- LISTED RECORDS
*-*-*
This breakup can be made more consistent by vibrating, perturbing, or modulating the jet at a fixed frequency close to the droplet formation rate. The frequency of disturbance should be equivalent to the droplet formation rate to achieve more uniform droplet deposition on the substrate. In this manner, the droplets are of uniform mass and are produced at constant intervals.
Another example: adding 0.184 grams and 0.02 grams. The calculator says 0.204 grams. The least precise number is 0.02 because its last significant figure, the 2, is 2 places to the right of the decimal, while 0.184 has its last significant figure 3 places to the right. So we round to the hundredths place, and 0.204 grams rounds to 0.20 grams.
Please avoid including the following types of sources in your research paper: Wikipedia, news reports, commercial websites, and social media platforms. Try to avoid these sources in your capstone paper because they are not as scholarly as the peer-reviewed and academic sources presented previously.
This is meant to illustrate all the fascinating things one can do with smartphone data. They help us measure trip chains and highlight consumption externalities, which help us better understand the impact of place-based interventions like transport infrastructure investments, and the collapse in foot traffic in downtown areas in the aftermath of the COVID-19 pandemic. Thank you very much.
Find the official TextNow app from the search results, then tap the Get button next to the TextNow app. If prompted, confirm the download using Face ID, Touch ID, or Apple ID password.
*-*-*
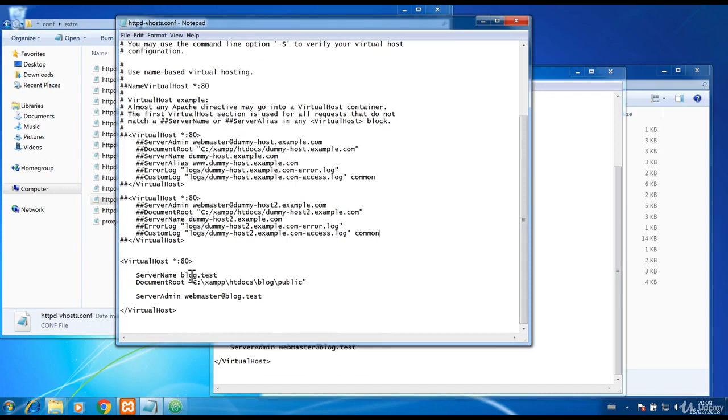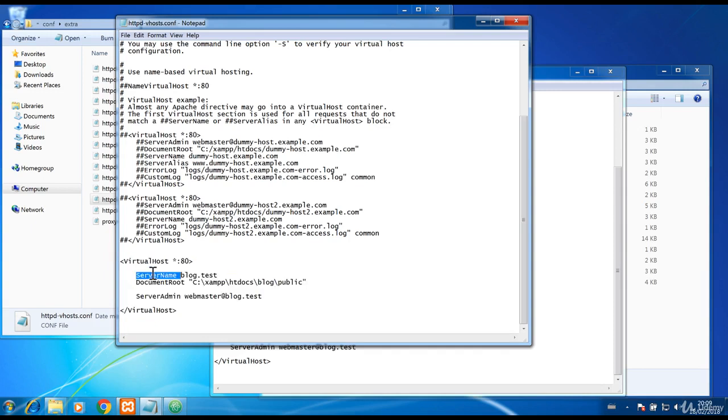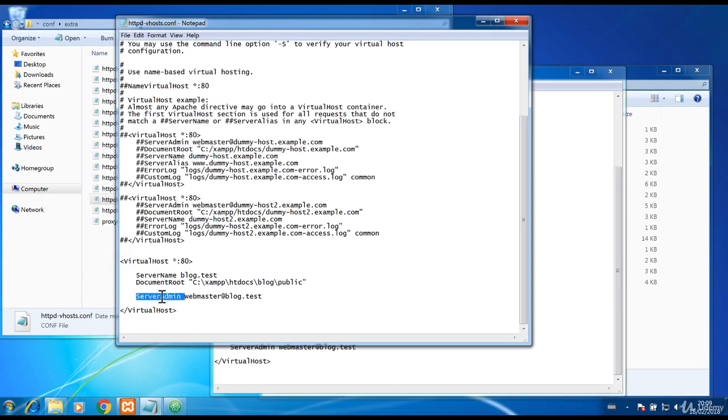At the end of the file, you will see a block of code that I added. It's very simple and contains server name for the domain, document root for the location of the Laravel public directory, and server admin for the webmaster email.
*-*-*
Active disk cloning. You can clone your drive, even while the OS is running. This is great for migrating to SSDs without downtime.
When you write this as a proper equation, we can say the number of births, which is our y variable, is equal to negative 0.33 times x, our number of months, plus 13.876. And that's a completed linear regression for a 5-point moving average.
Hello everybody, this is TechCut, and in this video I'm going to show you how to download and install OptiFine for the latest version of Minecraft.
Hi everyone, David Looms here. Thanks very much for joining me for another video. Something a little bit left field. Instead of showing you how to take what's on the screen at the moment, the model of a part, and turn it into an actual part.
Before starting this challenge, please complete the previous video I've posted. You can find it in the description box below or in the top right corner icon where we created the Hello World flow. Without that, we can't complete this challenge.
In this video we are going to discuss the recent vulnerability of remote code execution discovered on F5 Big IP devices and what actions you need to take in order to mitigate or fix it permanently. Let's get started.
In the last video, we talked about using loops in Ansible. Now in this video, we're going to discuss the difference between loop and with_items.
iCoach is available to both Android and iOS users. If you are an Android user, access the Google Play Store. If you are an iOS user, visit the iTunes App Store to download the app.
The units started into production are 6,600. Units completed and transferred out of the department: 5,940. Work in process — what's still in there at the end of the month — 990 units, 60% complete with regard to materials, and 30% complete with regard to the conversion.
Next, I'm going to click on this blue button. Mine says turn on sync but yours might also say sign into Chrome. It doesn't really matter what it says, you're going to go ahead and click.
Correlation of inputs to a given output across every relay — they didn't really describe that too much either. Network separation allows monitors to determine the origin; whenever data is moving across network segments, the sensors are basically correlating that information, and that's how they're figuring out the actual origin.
*-*-*
- HOW TO COMPLETE THIS TASK
Using the material above, transcribe exactly the lines from the line with "iCoach is available" to the line with "The units started"; both count, and nothing else goes in.

- PROBLEM SOLUTION
iCoach is available to both Android and iOS users. If you are an Android user, access the Google Play Store. If you are an iOS user, visit the iTunes App Store to download the app.
The units started into production are 6,600. Units completed and transferred out of the department: 5,940. Work in process — what's still in there at the end of the month — 990 units, 60% complete with regard to materials, and 30% complete with regard to the conversion.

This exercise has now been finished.